John Huston
Wadjda
Wadjda (2012), film saoudien de Haifaa al-Mansour. Vu un soir en VOD. Une rareté qu’un film produit et réalisé dans ce pays où les salles de cinéma sont interdites. Une rareté qu’un regard sur cette société emprisonnée dans sa pratique rigoriste de l’Islam. Néanmoins, le film vaut plus qu’un objet de curiosité. Il est simple et émouvant. Wadjda (Wadjda Mohammed), 12 ans, rêve d’avoir un vélo comme Abdallah et comme les garçons qu’elle croise dans la rue. Mais elle n’a pas assez d’argent pour s’en acheter un et on lui déconseille d’en faire : quand on est une fille, on ne monte pas à vélo, c’est indigne.
Dépendance et subordination
Les interdictions prescrites aux jeunes filles les préparent à la dépendance et à la subordination. Chaque matin, la mère de Wadjda est obligée pour aller au travail de prendre une navette conduite par un homme. Elle est soumise au bon vouloir d’un chauffeur immigré, lui-même subalterne dans la société, ce qui est vécu comme une humiliation quotidienne. Mais le rabaissement de la femme se double aussi d’un cloisonnement organisé. Wadjda peut encore se promener dans la rue toute seule et visage découvert. Mais sa mère et toutes les femmes en général doivent rester à l’abri des regards masculins. Tout est organisé par les femmes elles-mêmes pour que leur corps, tête ou mains comprises ne soient visibles par les hommes. Leur cloisonnement est minutieusement réglé, elles n’existent en tant que personnes de chair, avec un visage, qu’à l’intérieur du foyer familial. La séparation entre hommes et femmes apparaît comme un principe social structurant en Arabie Saoudite, fort et intériorisé. C’est le rôle de l’institution scolaire que de transmettre la séparation et la bonne morale aux filles. Mais l’histoire de la récitation coranique dans laquelle s’engage Wadjda révèle la vanité de cette entreprise de perfectionnement moral des filles. Elles auront beau être exemplaires, elles n’obtiendront rien. C’est un moyen de les soumettre.
On remarquera que même à l’intérieur du foyer l’homme semble toujours lointain et séparé. On retrouve le père de Wadjda au détour d’une scène, derrière une porte mais jamais là, qui exerce un pouvoir à la fois diffus et omniprésent.
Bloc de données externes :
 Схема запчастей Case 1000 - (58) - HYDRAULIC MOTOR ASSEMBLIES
L’homme est un privilégié qui a le droit au mouvement (la voiture, le vélo, l’extérieur), à la politique (le meeting électoral), à l’arbre généalogique et au choix polygame ! Placées dans une situation de soumission, les femmes ne peuvent orienter leur vie qu’en fonction de l’homme. Essayer de ne pas lui déplaire, d’être dans ses bonnes grâces, sans espoir d’un choix autonome. C’est le destin de la mère de Wadjda qui y semble résignée.
A partir du système
Il n’y a aucun éclat ni violence dans Wadjda ; le ton feutré a sans doute permis qu’il existe et puisse être promu en dehors du royaume. Parlant à partir du système, le film ne peut l'attaquer frontalement. Le scénario utilise donc Wadjda pour montrer qu’une fille fait aussi bien qu’un homme. Tout est dit de manière douce, subtile, comme pour murmurer aux hommes saoudiens ce qu’ils savent très bien mais qu’ils ont peur d’entendre. La jeune fille se montre suffisamment maligne et obstinée pour rassembler l’argent nécessaire à acheter son vélo.
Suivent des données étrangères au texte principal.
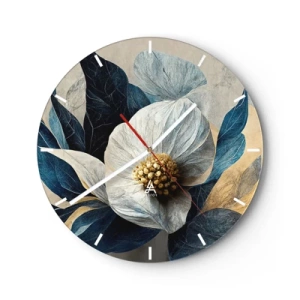 Vægur, Uret - Et hvidt blomsterarrangement med marineblå blade og en gylden midte - 30x30cm - Har et hjerte af guld - Moderne vægdekoration til stue, køkken og soveværelse ARTTOR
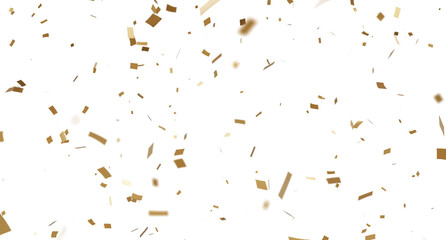 3d render of Gold confetti flying for celebrate isolated on transparent background.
Triste tableau de la condition féminine mais espoir incarné par Wadjda. Tout au long du film, on se dit que cette société ne mérite pas une jeune fille comme elle. Seul sans doute Abdallah qui est amoureux d’elle le comprend et plus tard, en tant qu’homme pourra changer les choses. Peut-être le film sonne-t-il un peu résigné mais peut-il invoquer autre chose que l’espoir dans les générations futures?